If I had written this last night it would have been called “Red Sky at Night – Highwaylass’s delight” and it would have been a cheerful reflection on an evening ride home after a successful sidecar voyage to the far distant territories of the Birmingham suburbs.

But I’m writing it tonight and it’s called ”I’m shit out of luck, still.”

Last week the 2CV exhaust sheared off about two thirds of the way along its length. I’m already a week late going to Wrexham to collect a 2CV engine for the Lomax (snow stopped travel), and now I don’t have a car.

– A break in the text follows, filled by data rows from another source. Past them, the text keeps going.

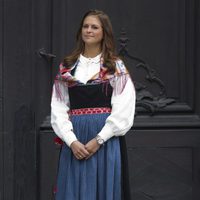 La Princesa Magdalena en la apertura del Palacio Real en el Día Nacional de Suecia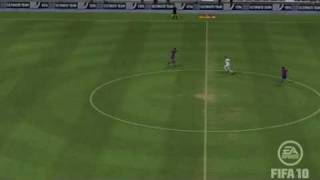 Ibrahimovic - Immense Fifa10 goal half way line scissor kick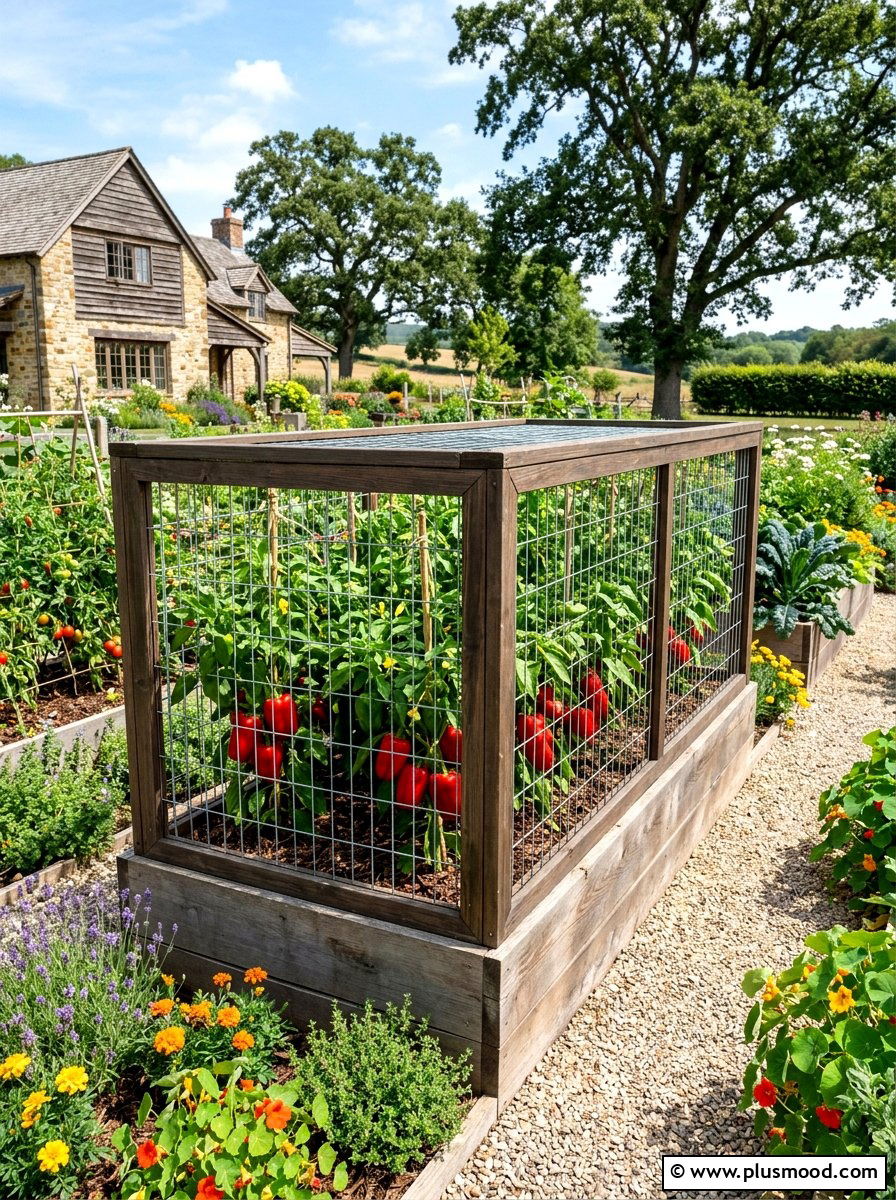 Enclosed vegetable garden - 25 small backyard ideas with raised garden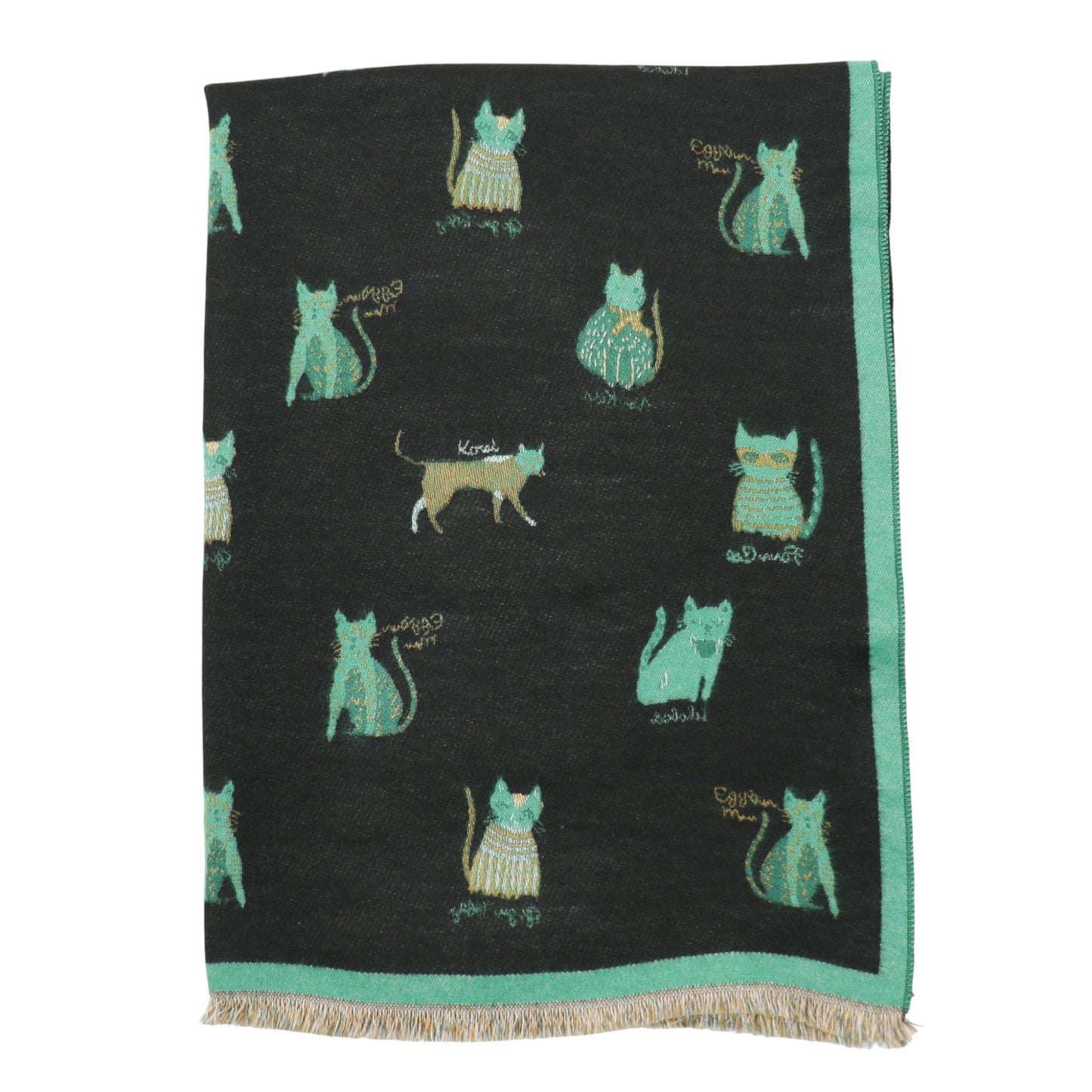 Cashmere Feel Winter Reversible Classic Cat Style  Scarves SCF1230-36(12PC)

I put the screws on a friend and he agreed to be chauffeur yesterday – then it turned out that the seller wasn’t going to be around to do a handover. So I had a free Saturday. If DPD had done their part, I would have spent the day fitting a new exhaust and all my mobility problems would be over.

Friday came and went with no parcel. After half an hour on hold I got to speak to a human who muttered something about the parcel not having been scanned out and he would upgrade me for free to Saturday morning delivery.

Saturday morning the tracker was going backwards – on Friday my parcel had “arrived” at Hinckley. On Saturday morning it was “on its way” to Hinckley. 20 minutes on hold to speak to a human who said no, don’t expect it today – it’s probably locked in a truck. Actually I’m imagining it swirling round and round some mythical maelstrom, unable to acheive escape velocity. It’s now supposed to be arriving tomorrow. I’m not holding my breath. It’s incredibly frustrating not to be able to talk to anyone prepared to give me a straight answer about what has gone wrong, and when I might actually get it.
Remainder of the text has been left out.